The demand for landscaping services might grow by 5.2% from 2020 to 2025. By the end of the forecast period, according to Mordor Intelligence.
However, since it is usually dependent on disposable income, it can also be one of the first to go when money is tight. A good example is this pandemic when many are out of work and hundreds of businesses are shut down.
Can you still sustain your business? The answer is yes. However, it now requires a few but massive changes in your game plan.
1. Expand Your Market
Just like in investing, you don’t want to put all your eggs in one basket. Diversifying ensures that if one of the markets doesn’t perform well, the others can compensate for the loss.

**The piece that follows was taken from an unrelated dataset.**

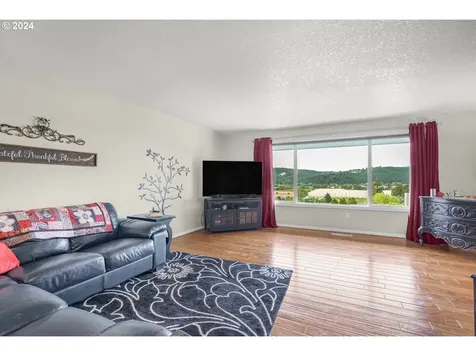42065 Nw Lodge Road Banks OR 97106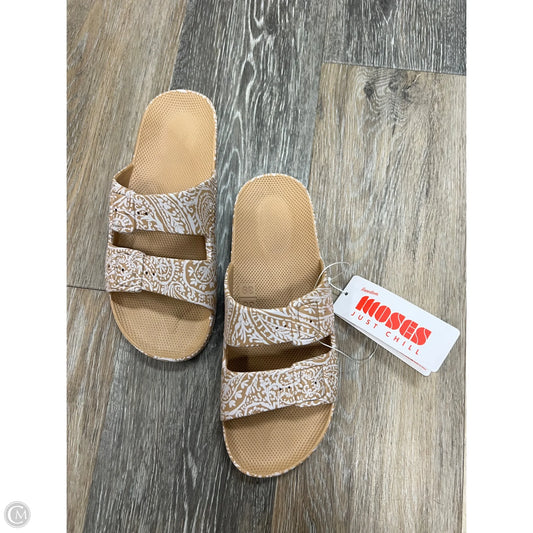 Sandals Flats By Freedom Moses In Tan, Size: 8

You can expand your market in the following ways:
- Besides residential landscaping, you can offer commercial services. Some businesses that might require you include healthcare, shopping centers, and schools.
- If you still want to focus on residential services, you can identify your markets. For example, the Mordor Intelligence report showed that millennials and Generation Z are more likely to opt for landscaping than other generations. Otherwise, you can broaden your coverage to include nearby cities or suburbs.
- Landscaping can also include maintenance, repair, and irrigation or water conservation management.
- Partner with other businesses. These include companies that offer home renovation, real estate, and construction.
2. Think Leasing
When you expand your market, you need more tools and equipment to carry out tasks, such as digging or moving trees around. Buying them brand-new, though, can drain your cash flow.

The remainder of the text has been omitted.